The tyranny of school metrics

How do we know if a school is getting better? Or worse? How do we know if the strategies that we choose to improve our schools are working? Or not?

Cause cannot be reliably attributed to effect

Schools are such complex places, with multiple influences on outcomes, that it is almost impossible to directly link cause and effect. Consider the example of improved attainment in reading at the end of KS2 compared to the previous academic year. There are a number of possible contributing factors.

  • Was it because of the now ‘research informed’ reading strategy?
  • Was it because of better attendance?
  • Was it because the children read better books?
  • Was it because behaviour was better?
  • Was it because there were different teachers to last year in Year 6?
  • Was it because of the relative starting points of the two cohorts?

It could have been all of these and none of these. In truth, it will likely have been a combination of these conditions and more, each playing minor and major roles at different points in time.

Confidently attributing cause to effect is to underestimate complexity. Nevertheless, seeking to make sense of what we see is a natural attempt to impose order when faced with complexity. The illusion of explanatory depth, where one thinks that they understand more than they actually do, explains such attribution of cause to effect, a trap that all are susceptible to. Knowing about how complex systems such as schools work and knowing that one is vulnerable to such bias exemplifies the neat interplay between types of knowledge that make up expertise, vital to effective decision making and problem solving.

Comparing then and now is more useful than disentangling cause and effect

Despite the futility of attributing cause to effect, evaluating impact is still a necessary part of school improvement. This evaluation helps to zero in on what leaders need to pay attention to so leaders need to find ways of fully understanding the strengths and areas of improvement in various aspects of school life now compared to a point in the past. This baseline would need a time reference, for example the beginning of a term or academic year, the month of appointment into a new role or the publication date for an Ofsted report. Any baseline information will be made up of either quantitative or qualitative information by which comparisons between then and now might be made. Quantitative information could include attendance figures, statutory assessment figures, test scores or survey results. Qualitative information could include the observations that leaders make from their day to day interactions, anecdotes from various stakeholders or examples of children’s work.
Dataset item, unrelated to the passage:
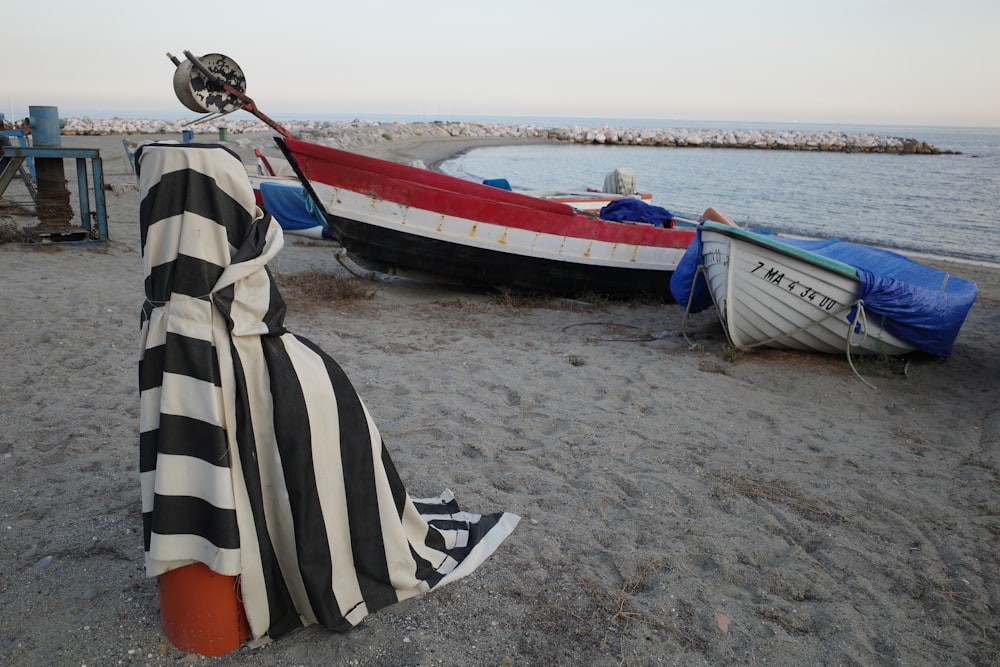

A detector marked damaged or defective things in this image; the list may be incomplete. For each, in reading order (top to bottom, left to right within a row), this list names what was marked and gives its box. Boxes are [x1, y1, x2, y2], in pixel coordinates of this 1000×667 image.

rusty metal pole [28, 103, 73, 231]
Measurement is not an alternative to judgement

Whether it is quantitive or qualitative information that is gathered in order to evaluate the impact of school improvement efforts, leaders need to beware of the the pitfalls in measuring performance or impact. Muller warns of the tyranny of metrics that:

Muller’s warnings should resonate with school leaders in an education system where judgements of what children understand and the effectiveness of schools are reduced to grades.  Grades are a mechanism to measure and an attempt to bring order to complexity but, as Muller concludes, measurements demand judgement:

  • Whether to measure
  • What to measure
  • How to evaluate the significance of what’s been measured
  • Whether rewards or penalties will be attached to the results
  • To whom to make the measurements available

Avoid replacing judgement with numerical indicators

The argument for metrics is that by reducing complex information to points on a scale or numerical values, comparisons within and between schools are easier, they are more easily understood and are therefore useful to hold leaders to account.  Such metrics have been a staple in schools for years through GCSE grades, SATs scaled scores, progress measures, teacher assessments or Ofsted grades.  Although this simplification of information makes it comparable, what is lost is history, context and meaning: 

Caveats and ambiguities are peeled away, giving the illusion of certainty and transparency.

Jerry Muller

The illusion of certainty is a problem for school leaders because it oversimplifies complex problems. Complexity cannot be measured. Just as a mean average summarises a range of numbers, any metric that leaders select merely masks what is actually useful – the context and nuance that the metric represents.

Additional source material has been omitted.